> [Work request] Search the data for the word "with" and copy out every line that has it.

□ □ □ □ □

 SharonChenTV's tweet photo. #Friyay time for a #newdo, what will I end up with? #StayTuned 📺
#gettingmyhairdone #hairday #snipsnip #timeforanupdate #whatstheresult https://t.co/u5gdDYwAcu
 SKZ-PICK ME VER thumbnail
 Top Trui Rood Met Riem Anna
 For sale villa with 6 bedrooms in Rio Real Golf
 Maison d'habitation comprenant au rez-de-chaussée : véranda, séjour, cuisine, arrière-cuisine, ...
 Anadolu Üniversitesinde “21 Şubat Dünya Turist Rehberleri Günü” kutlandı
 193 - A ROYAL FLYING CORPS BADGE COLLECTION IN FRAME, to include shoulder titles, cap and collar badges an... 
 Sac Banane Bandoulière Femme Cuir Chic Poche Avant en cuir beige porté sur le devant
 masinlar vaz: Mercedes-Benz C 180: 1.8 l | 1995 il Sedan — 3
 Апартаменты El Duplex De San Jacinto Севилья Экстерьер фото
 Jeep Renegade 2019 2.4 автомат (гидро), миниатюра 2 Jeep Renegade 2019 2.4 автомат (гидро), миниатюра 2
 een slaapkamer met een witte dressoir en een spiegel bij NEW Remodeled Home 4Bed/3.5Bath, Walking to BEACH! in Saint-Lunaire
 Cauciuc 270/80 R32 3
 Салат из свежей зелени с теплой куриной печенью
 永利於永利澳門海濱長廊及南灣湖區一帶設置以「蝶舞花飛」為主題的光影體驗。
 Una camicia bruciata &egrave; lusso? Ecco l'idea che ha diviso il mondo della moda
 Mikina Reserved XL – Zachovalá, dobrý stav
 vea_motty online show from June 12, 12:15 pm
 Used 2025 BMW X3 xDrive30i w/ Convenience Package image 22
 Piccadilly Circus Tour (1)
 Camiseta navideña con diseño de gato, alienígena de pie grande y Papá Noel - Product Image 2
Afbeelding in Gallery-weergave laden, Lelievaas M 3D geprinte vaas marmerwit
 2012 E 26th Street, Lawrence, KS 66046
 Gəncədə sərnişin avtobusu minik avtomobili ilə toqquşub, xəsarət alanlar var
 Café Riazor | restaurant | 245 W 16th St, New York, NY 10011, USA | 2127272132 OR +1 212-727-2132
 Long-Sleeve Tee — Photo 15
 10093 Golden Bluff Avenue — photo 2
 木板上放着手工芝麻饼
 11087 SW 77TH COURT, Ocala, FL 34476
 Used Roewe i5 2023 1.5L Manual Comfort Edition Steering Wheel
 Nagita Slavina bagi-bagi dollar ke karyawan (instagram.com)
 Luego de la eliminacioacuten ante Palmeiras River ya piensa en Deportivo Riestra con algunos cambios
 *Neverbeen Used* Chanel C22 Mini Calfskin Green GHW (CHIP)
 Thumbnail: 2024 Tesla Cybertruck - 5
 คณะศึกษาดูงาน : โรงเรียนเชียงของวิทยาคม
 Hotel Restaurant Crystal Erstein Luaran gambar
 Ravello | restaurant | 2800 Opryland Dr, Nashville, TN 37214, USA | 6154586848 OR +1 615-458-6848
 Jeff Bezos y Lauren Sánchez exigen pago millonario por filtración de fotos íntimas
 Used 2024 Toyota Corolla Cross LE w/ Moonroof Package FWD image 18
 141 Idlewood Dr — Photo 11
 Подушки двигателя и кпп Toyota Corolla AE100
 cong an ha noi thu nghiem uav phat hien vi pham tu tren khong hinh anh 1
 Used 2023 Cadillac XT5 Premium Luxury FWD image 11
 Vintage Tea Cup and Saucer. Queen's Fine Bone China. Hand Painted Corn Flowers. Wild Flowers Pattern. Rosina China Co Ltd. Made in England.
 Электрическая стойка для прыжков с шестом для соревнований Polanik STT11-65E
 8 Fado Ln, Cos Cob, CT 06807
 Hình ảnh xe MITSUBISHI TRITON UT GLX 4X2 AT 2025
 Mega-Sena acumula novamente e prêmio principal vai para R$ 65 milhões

□ □ □ □ □

> [Problem solution]
 SharonChenTV's tweet photo. #Friyay time for a #newdo, what will I end up with? #StayTuned 📺
 For sale villa with 6 bedrooms in Rio Real Golf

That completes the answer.